--- Records to use Enclosed Below ---

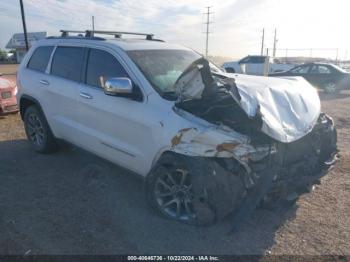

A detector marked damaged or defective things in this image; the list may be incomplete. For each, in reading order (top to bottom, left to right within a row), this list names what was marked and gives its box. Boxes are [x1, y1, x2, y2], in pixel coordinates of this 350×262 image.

damaged front end [165, 58, 338, 224]
crumpled hood [228, 73, 322, 143]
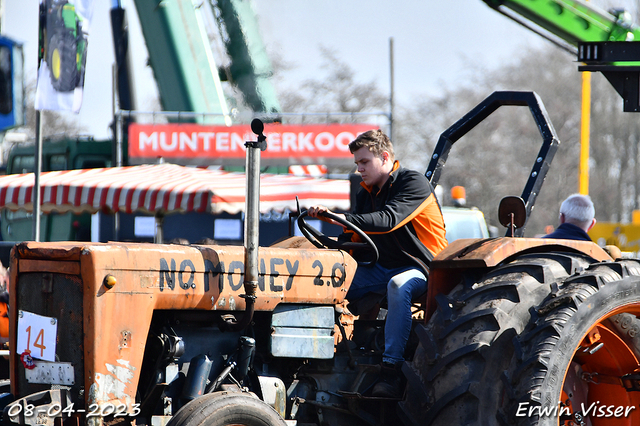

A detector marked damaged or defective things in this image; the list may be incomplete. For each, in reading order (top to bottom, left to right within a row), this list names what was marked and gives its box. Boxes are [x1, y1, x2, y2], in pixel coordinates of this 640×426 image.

rusty orange tractor [1, 94, 640, 426]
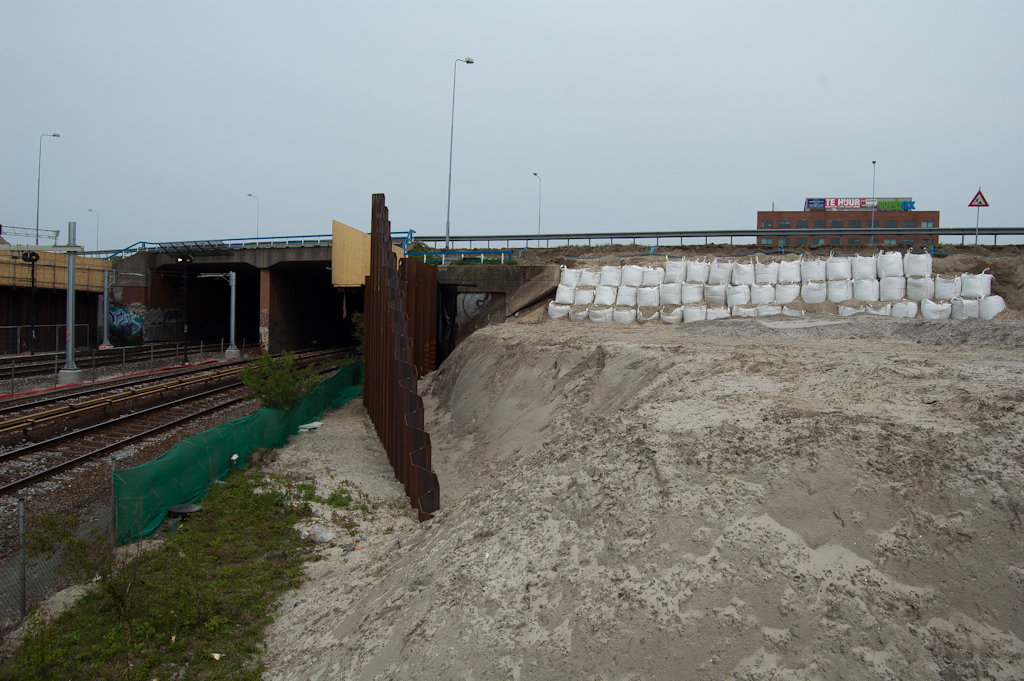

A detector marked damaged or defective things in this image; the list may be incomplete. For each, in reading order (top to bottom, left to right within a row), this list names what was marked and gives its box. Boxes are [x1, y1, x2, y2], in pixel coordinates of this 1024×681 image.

rusty steel sheet pile wall [362, 193, 438, 518]
rusty rail [362, 193, 438, 518]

--- End of Enclosed Records to use ---

### Task brief
Would you copy out every entry above word for word, without the pictures?

### Problem solution
A detector marked damaged or defective things in this image; the list may be incomplete. For each, in reading order (top to bottom, left to right within a row), this list names what was marked and gives its box. Boxes are [x1, y1, x2, y2], in pixel coordinates of this 350×262 image.

damaged front end [165, 58, 338, 224]
crumpled hood [228, 73, 322, 143]

A detector marked damaged or defective things in this image; the list may be incomplete. For each, in reading order (top to bottom, left to right within a row), this list names what was marked and gives its box. Boxes are [x1, y1, x2, y2], in pixel coordinates of this 640×426 image.

rusty orange tractor [1, 94, 640, 426]

A detector marked damaged or defective things in this image; the list may be incomplete. For each, in reading order (top to bottom, left to right within a row), this list names what was marked and gives its box. Boxes are [x1, y1, x2, y2], in pixel coordinates of this 1024×681 image.

rusty steel sheet pile wall [362, 193, 438, 518]
rusty rail [362, 193, 438, 518]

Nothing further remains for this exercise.